Don't ask other people to understand the library better; instead, try to understand them and their needs.

At one point around the middle of my career, my scope of stewardship was broadened to include oversight of an interlibrary loan department. And I had what I thought was a pretty good idea: I told the ILL folks that whenever a requested book came in for a faculty member, I want to be notified so that I could use that opportunity to deliver the book in person and ask that faculty member "What can the library be doing to make your work easier?".
I thought it was a great idea. I'd be providing personal delivery service (everyone loves that, right?) and also getting to know the faculty better, and also demonstrating my desire to get feedback on the library's services and how they might change or improve.
What could be wrong with that?
Readers with experience in public service are already smiling kindly at me and gently shaking their heads. Because to them, what's wrong with the question "How can the library make your work easier?" is painfully obvious: the problem is that the great majority of faculty members have no idea how to answer it.
Sure, some of them will have a few specific ideas: "Let me check out books longer!," they might say, or "Pay my APCs!" or "Give me a research room!." And those are by no means useless responses – though they're not likely to be terribly useful, given that they're often going to be requests for systemic changes that will only be made if they turn out to be both a) feasible and b) desired by more than a single faculty member.

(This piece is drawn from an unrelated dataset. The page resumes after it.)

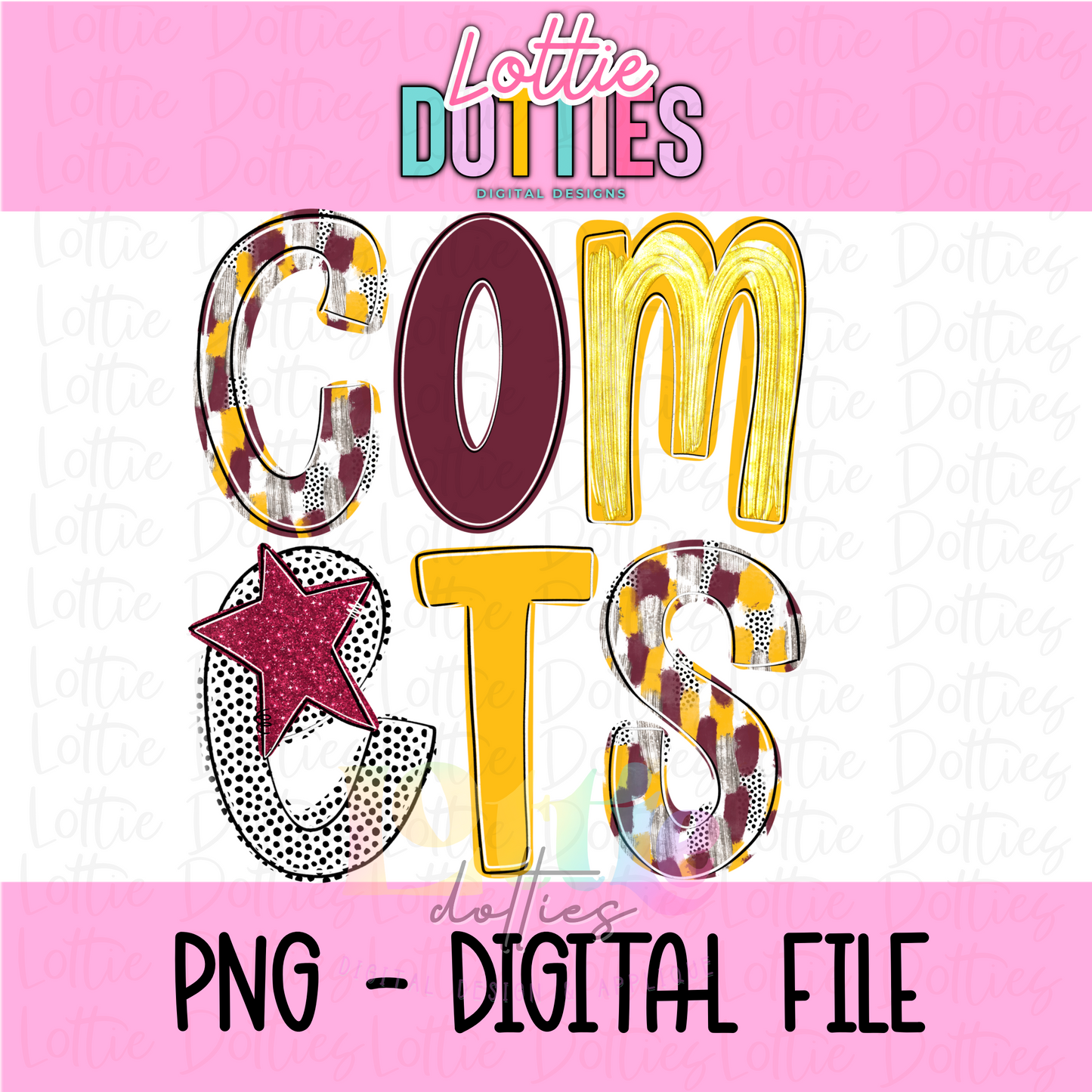 Comets PNG - Comets - Sublimation - Digital Download - poppy mascot - Maroon and Gold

But the real problem with that question is that it is not the faculty member's job to know how the library can make her life easier. Her job is to figure out the complexities of her own work – define and carry out her research agenda, build curricula for her assigned classes, help students who are struggling, etc. – not to understand the work of the library's various service areas and provide guidance to us on how to improve them.
So if you shouldn't ask "How can we make your life easier?," what should you ask?
Here's what I decided: instead of asking the faculty to tell me what I and my team should be doing, I instead just asked them what they were doing. I led with "Tell me what kinds of projects you're working on at the moment." And then I listened carefully, watching for opportunities to point them towards existing library collections ("Did you know that we recently acquired a whole database of primary sources on that topic?") or services ("What a pain that you had to deal with that situation – you know, our staff in Circulation can help you if you run into it again"). And sometimes I came back to the library with ideas for new things we could do, based on what I had learned our faculty needed.
In other words, instead of asking the faculty to help me solve my problem (wanting to know how I could better help them) I set myself up to learn more about them and thus position myself to solve problems for them – sometimes problems they didn't even know the library could solve.
I've kept that lesson in mind ever since.